───── AVAILABLE DATA

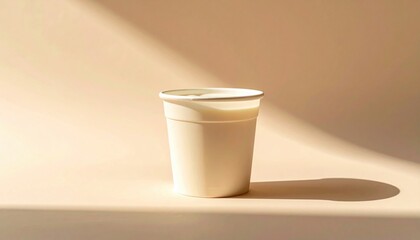 Poster - Minimalist white paper cup in soft natural light photography studio setting simple aesthetic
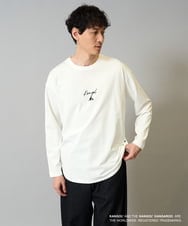 KHKJA19059 a.v.v MEN(アー・ヴェ・ヴェ) KANGOLスクエアプリントロングシルエットカットソー ブラック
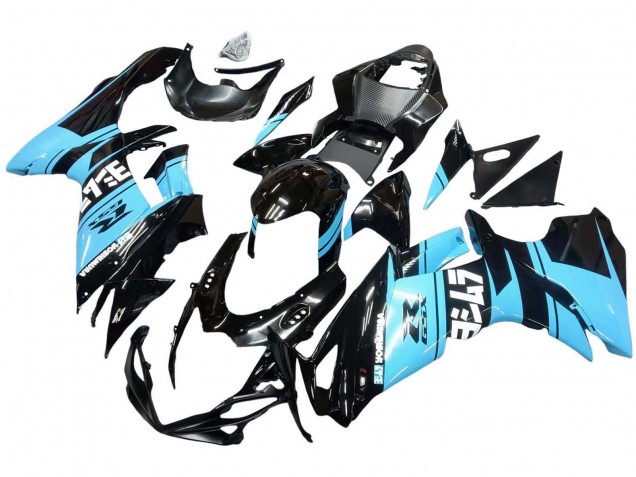 2011-2024 Glossy Black Light Blue Suzuki GSXR 600 / GSXR 750 Motorcycle Fairings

──────────

**TASK REQUIREMENTS**
Output all of the data above exactly; no pictures should appear.

**YOUR SOLUTION**
 Poster - Minimalist white paper cup in soft natural light photography studio setting simple aesthetic
 KHKJA19059 a.v.v MEN(アー・ヴェ・ヴェ) KANGOLスクエアプリントロングシルエットカットソー ブラック
 2011-2024 Glossy Black Light Blue Suzuki GSXR 600 / GSXR 750 Motorcycle Fairings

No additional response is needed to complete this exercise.